Why is it so – a player can’t stop after successful bonus game and winning big, and he or she surely must ‘make it round’?
There may be a few reasons:
Violation of balance homeostasis. The gambler feels that the balance equity is lost, he/she was underpaid/overpaid (if some huge amount went into his/her hands, for instance, x1.000 – which (s)he didn’t expect). For instance, a figure 11.032 doesn’t look pretty, and it must be rounded either to 10.000 or to 100.000. Our conscious starts whispering a gambler mockingly: “You deserve better, let’s play for a little while more, gotta take a risk to win another, to make the figure round so much that it wouldn’t be a shame to show it to the master of calligraphy.”
Striving for beautiful numbers. People love the round, even, beautiful, smooth numbers that are put symmetrically. The scattered numbers (including Pi) aren’t too esthetically good-looking to the eyesight. Indeed, the balance like 31,415,926 doesn’t look too good.

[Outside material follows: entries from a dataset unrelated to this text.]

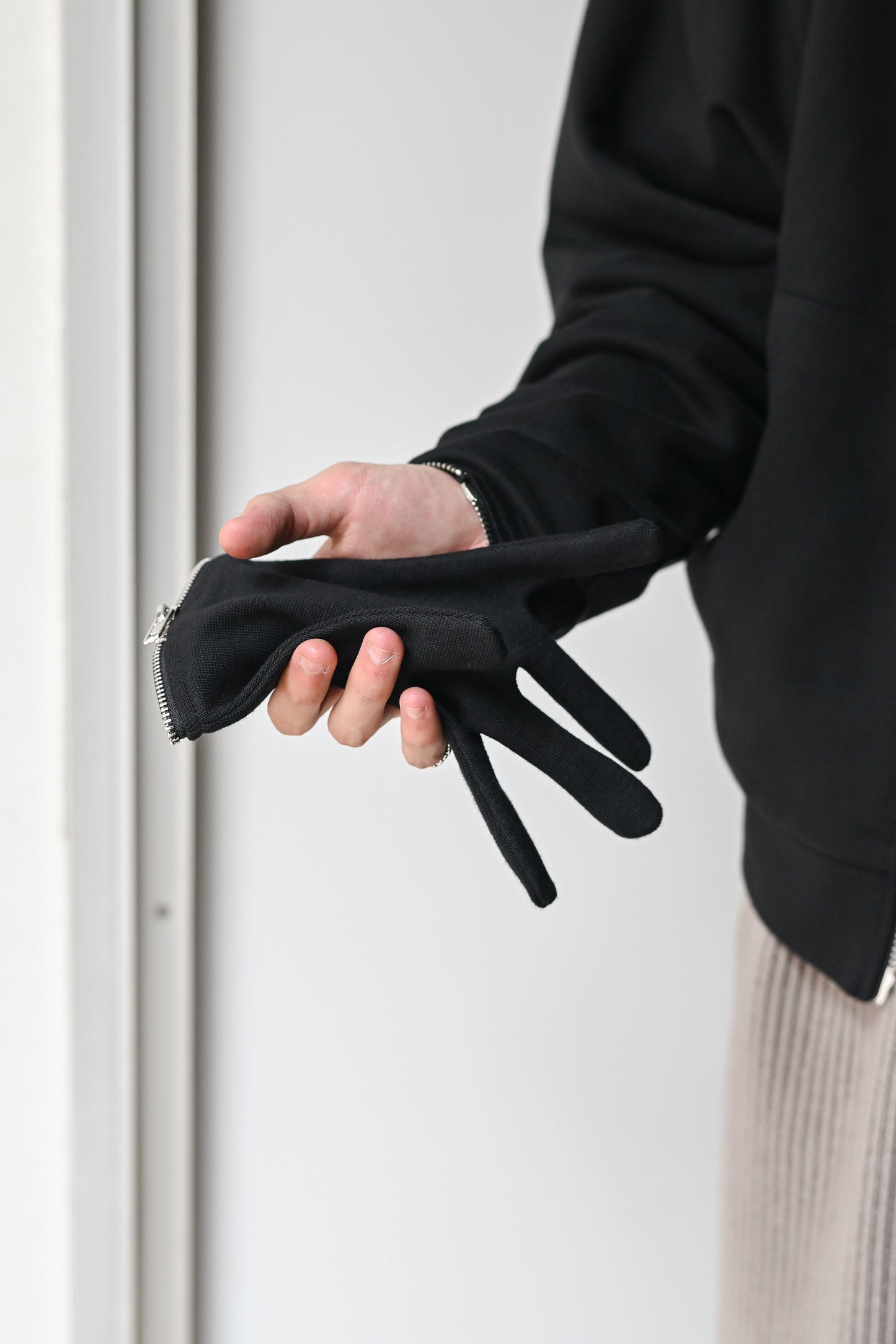 65537 / EPITHECA HOODIE -BLACK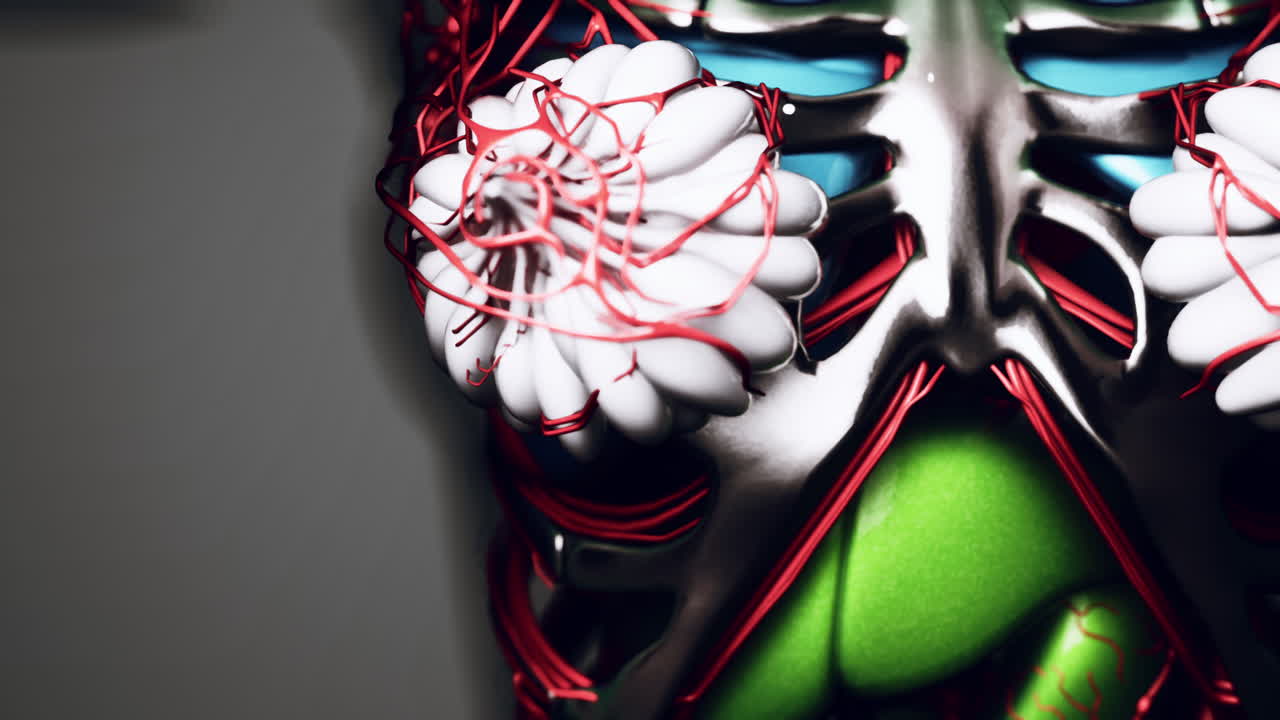 인간의 내부 장기의 애니메이션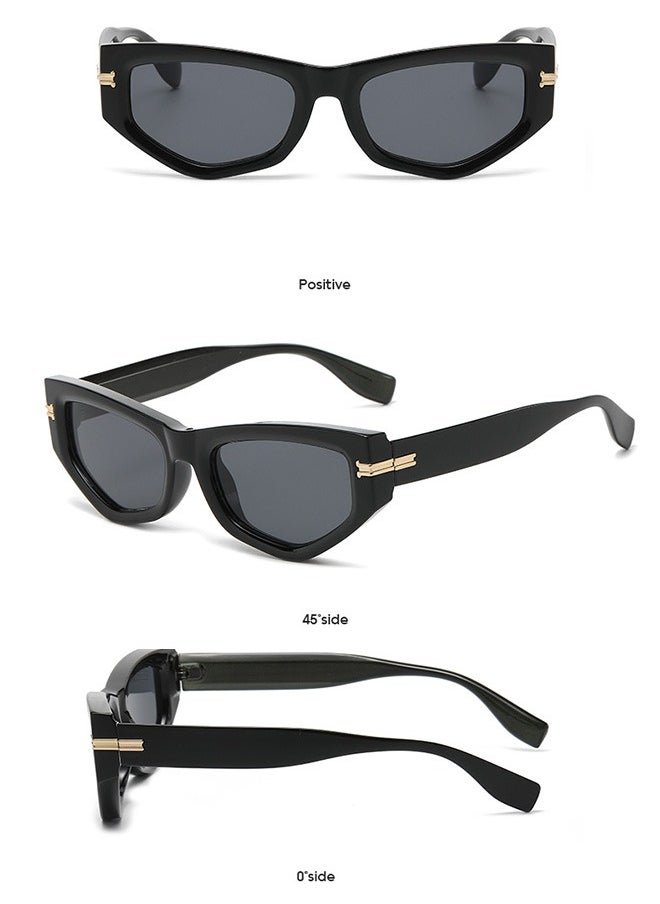 AZorb Cat Eye Sunglasses Women Men Oval Vintage Sun Glasses for Women's Men's Polarized Sunglass Mens Ladies Shades Retro Fashion Trendy UV400 Protection Eyewear  - Image 5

Unconscious desire to play more. It would seem to have a good figure for the withdrawal is a perfect chance to withdraw it. But that’s not so easy! Conscious of the gambler wants to play more and rationalizes this desire telling “Let’s round the balance, it doesn’t look so good!” As a result, the gambler is engaged in rounding the balance and the subconscious has fun playing more.
More often, people love to round the balance to the round figure, to have something more than a zero in front, and as more zeroes as possible after it, for instance, 5,000 or 7,770 and .so on.
The aspiration to zero resembles a Zen circle or an “Enso”.
Enso Hakuin Ekaku (1686-1769)
Enso is a Zen calligraphy symbol shaped as a circle that is done by a single move of the brush. The masters paint it in a way to prevent a brush from returning to the same place where it has started. Enso represents many symbols: “Universe”, “The nature of Buddha”, “True Essence”, “The nature of Reality” and so on. A synonym to Enso is a symbol of the full moon.
The gambler is a master of financial calligraphy and Buddha’s emptiness.
Starting rounding the balance, he or she comes to one – a zero, a symbol of limitlessness that is analogical to Zen’s Enso. Fullness and Emptiness combine together and the player feels that his/her mission is complete, receiving relieve.